Hace unos días comenté nuestro encuentro con un exvecino, padre primerizo de un bebé de tres meses y medio. Le preguntamos cómo iba todo y respondió que por las noches genial, que el bebé dormía seis o siete horas seguidas, pero que durante era día es otro cantar. Que no paraba de llorar. Que solo quería brazos. Que no lo cogían mucho por eso de que se acostumbraría. Nos preguntó si nos había pasado lo mismo y yo contesté la verdad: que no lloraban porque los cogíamos, que lloran porque quieren brazos, sí.

No sé si a ustedes les pasa lo mismo, imagino que a muchas sí: si escucho a unos padres decir que el niño cuando llora tiene cuento porque al cogerlo se calma, siento la imperiosa necesidad de recomendarles Bésame mucho, de Carlos González; si les oigo quejarse de que no duerme por las noches, necesito  de verdad lo necesito hablarles de Dormir sin lágrimas, de Rosa Jové; si de lo que se quejan es de que la niña no come nada, me veo en la obligación de descubrirles el BLW y aconsejarles que lean El niño ya come solo o Mi niño no me come. Y así, y así. Por la paz y el bienestar de esos bebés y de sus padres.

Y esto es lo que me pasó. Aunque no éramos vecinos de cruzar más de dos palabras, quise regalarles el Bésame mucho. A mí me ayudó a comprender muchas cosas en su momento. Había riesgos, por supuesto. Cuando te planteas esto sabes que pueden tomarlo como una ofensa y darte con la puerta en la narices. Pero ¿qué tenía que perder? Amistad no, porque amigos no somos. El dinero del libro, sí, pero si existe la posibilidad de ayudar a que ese bebé reciba mucho mimo y que esos padres disfruten dándoselo, bien gastado sea.

Ninguna de ustedes me recomendó que olvidara el tema, que no me metiera en su vida; todas vieron bien que les regalara el libro. Eso me tranquiliza y me da fe en el cambio. Algunas me animaron a llamar a la puerta y regalarles el libro en persona  en un principio pensé dejarlo en el buzón . Otras a que esperara a coincidir con ellos en el rellano. El problema es que ya no somos vecinos. Son vecinos de mis padres y por eso coincidimos rara vez.
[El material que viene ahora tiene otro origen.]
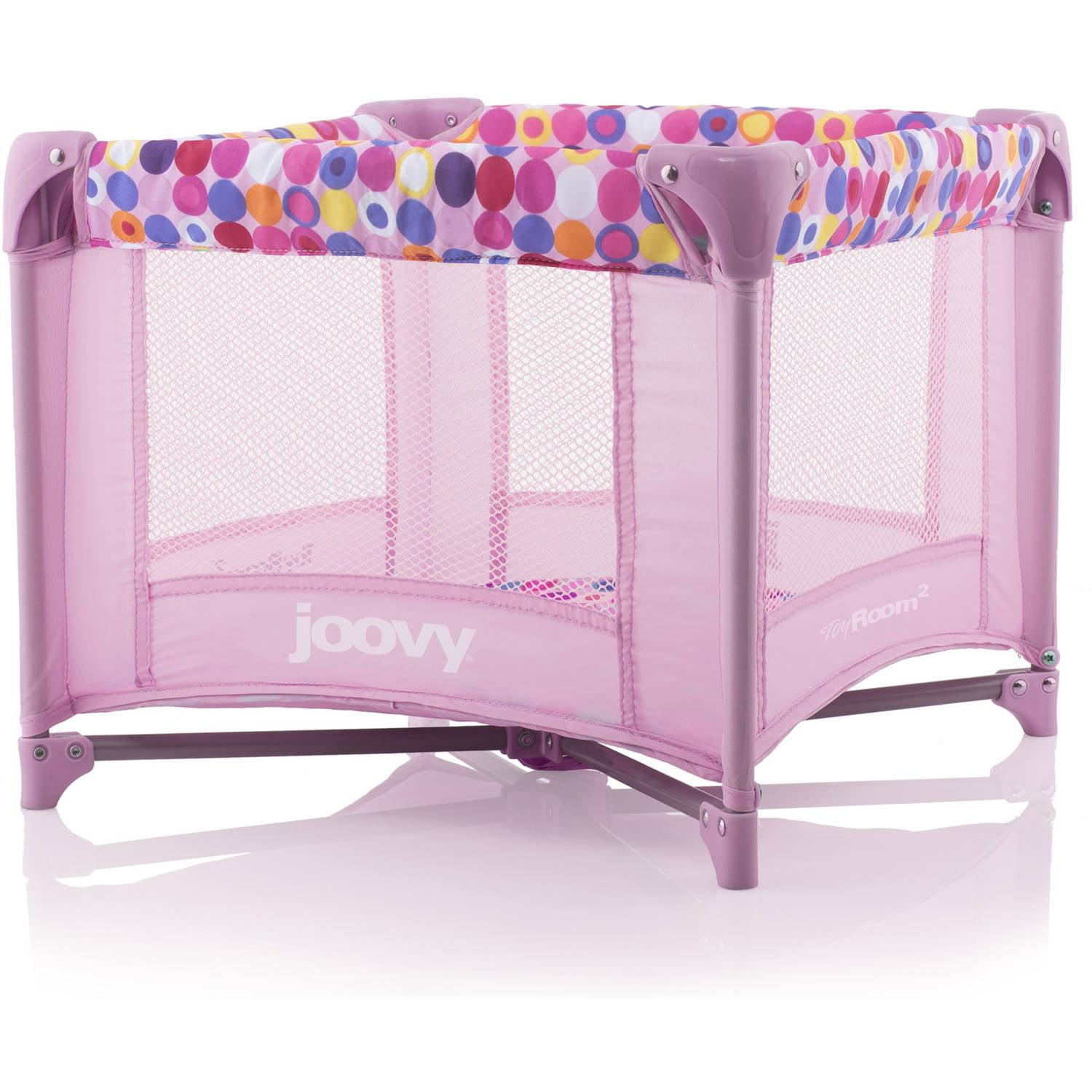 Joovy Toy Room Doll Playard Doll Accessory Doll Furniture Pink Dot 20 x 20 x 14.8 Walmart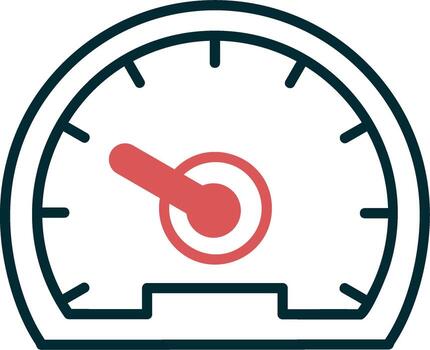 icono de vector de velocímetro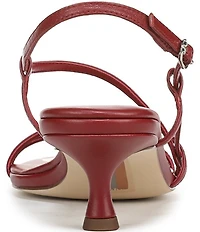 Sam Edelman Cora Leather Strappy Ankle Strap Dress Sandals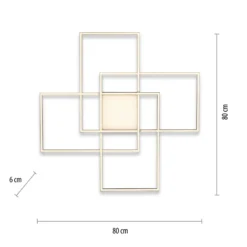 Paul Neuhaus Q-ASMIN plafón LED, 80 x 80 cm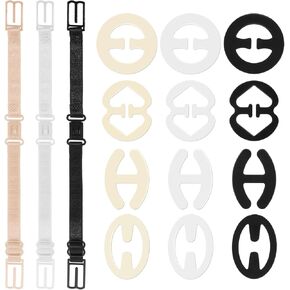 15 Pcs Bra Strap Clips Bra Strap Holder Anti-Slip Bra Strap Clips Non-slip Adjustable Elastic Bra Strap Holder to Make Racerback Conceal Straps Clips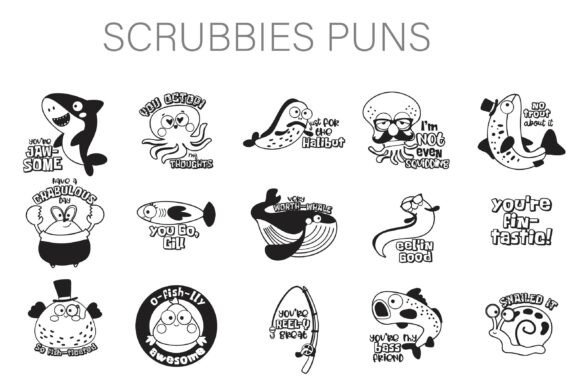 Scrubbies Puns Dingbats Font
Pues bien, ¿qué pasó? ¿Qué hice?

Al salir un día de casa de mis padres decidí dárselo. Viven en el piso de enfrente. Todo lo que tenía que hacer era cerrar la puerta de casa y llamar a la suya. La casualidad quiso que justo mientras yo cerraba la puerta se abriera el ascensor y saliera una señora, presumiblemente una de las abuelas, y llamara a la puerta de los vecinos. «Estupendo», pensé. Podía aprovechar para darle a la vecina el libro, y así se lo dije a la señora. Pero ¿quién abrió la puerta? La vecina no, sino otra señora, a todas luces la otra abuela. Le dije que tenía un regalo para la vecina, un libro que a mí me había ayudado. La mujer tenía prisa por cerrar la puerta, me dio las gracias y ea, adiós. Intenté hacerme entender, que quedara clara mi intención, pero me quedé con la impresión de que todo lo que dijera le entraría por un oído y saldría por el otro. No insistí.

Hice mal, sí. Debí dejarlo para otro momento, tratar de dárselo en mano y tener la oportunidad de hablar, pero a saber cuándo se presentaba la ocasión. El objetivo era dejarles el libro lo antes posible. Misión cumplida. Cuentan con la información en su casa. Pueden leerla. Pueden calzar una mesa. Pueden regalárselo a otros. Ahí está.

Quizás un día nos los encontremos por la calle, saquen el tema y nos den las gracias. O ni lo mencionen porque les pareció un gesto desagradable. O ni se acuerden, y el libro esté cogiendo polvo.

Ojalá decidan leerlo y les abra los ojos, y ese bebé no se pase el día llorando. Al menos no por falta de brazos.